A Simple Web Scrapping Script For Wuzzuf.com Using Selenium as part of the AI-Pro internship at ITI
- Python 3 (Preferably newer than 3.6)
- Selenium
pip install selenium
- Compatible Browser Driver
Header Item | Value Type | Representation | Notes |
---|---|---|---|
Job Title | String | The title of the required job | |
Company | String | The company offering the job | Could be Confidential meaning they chose not to be public |
Company Address | String | The address of the company | |
Posting Time | Date/Time | The time at which the job was posted to Wuzzuf | The time (Hour:Minutes) is not precise unless the job is posted is less than 24 hours |
Job Type(s) | String | Full Time, Part Time, Work From Home, etc. | One job can have multiple types separated with a pipe character '|' |
Career Level | String | Experienced, Entry Level, etc. | |
Years of Experience | String | The required years of experience to apply | Can be NULL |
Industries | String | The field to which the job relates | One job can relate to multiple industries separated with a pipe character '|' |
Skill(s) | String | The set of skills required to apply for the job | One job usually have multiple skills separated with a hyphen character '-' |
Link | String | The link to the job posting details |
- Download and extract the app files:
Scrapy.py
,__init__.py
,scrapper_config.json
- Download the respective driver for your browser's type and version. Currently only these three are implemented:
Browser | Driver Link |
---|---|
Chrome | https://sites.google.com/chromium.org/driver/ |
Firefox | https://developer.microsoft.com/en-us/microsoft-edge/tools/webdriver/ |
Edge | https://github.com/mozilla/geckodriver/releases |
- Note: If you are using Edge driver, you need to install Edge Selenium Tools as well
pip install msedge-selenium-tools
- Place the driver file (without changing its original name) in the same directory as the Scrapy.py file.
- Edit the
scrapper_config.json
file as needed:
Variable | Options | Meaning |
---|---|---|
browser |
Chrome | If you are using Chrome driver |
Firefox | If you are using Firefox driver | |
Edge | If you are using Edge driver | |
headless |
0 | Run the browser in normal mode (Browser window will show up) |
1 | Run the browser in headless mode (Browser window won't show up) | |
datetime_format |
%d: day, %m: month, %Y: year, %H: hour, %M: minutes |
You can choose any combination of these elements to customize the output datetime in the scrapped data |
Windows |
0 | If you are using an operating system other than Windows |
1 | If you are using Windows operating system |
- Now you are ready, open the Terminal / CMD in the folder containing Scrapy and the driver files.
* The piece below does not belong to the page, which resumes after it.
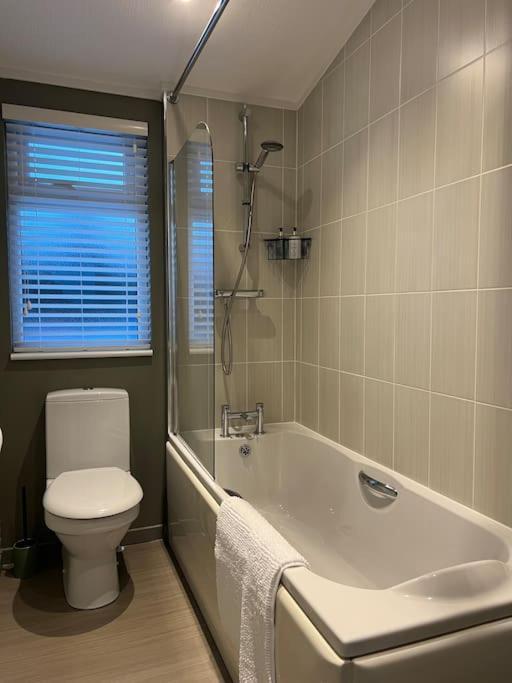 Luxury With Hot Tub In Royal Deeside Chalet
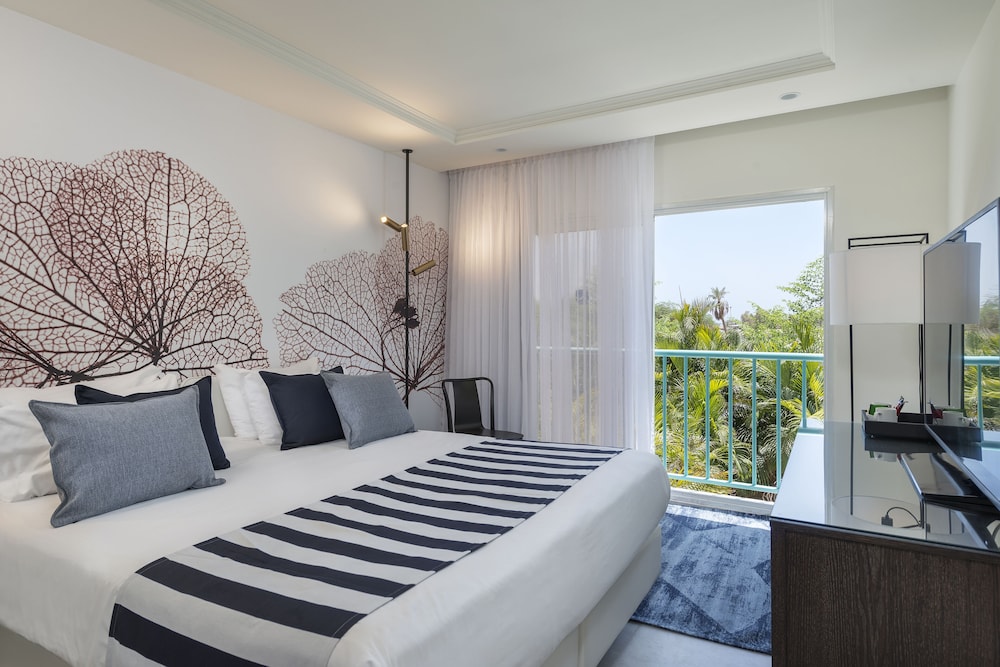 Double Room (Suite Wing)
- Run the following command
python3 Scrapy.py
- Enter the search query of the job role you want to scrape
- Enter the number of pages you want to scrape
- Wait for the scrapped data, a CSV file will be created in
./Wuzzuf Scraped Data/
directory
Tested on Ubuntu 20.04 using:
- Python 3.9.7
- Firefox 96.0
- Chrome 96.0.4664.110
This script is for educational purposes only and I am not responsible for misuse.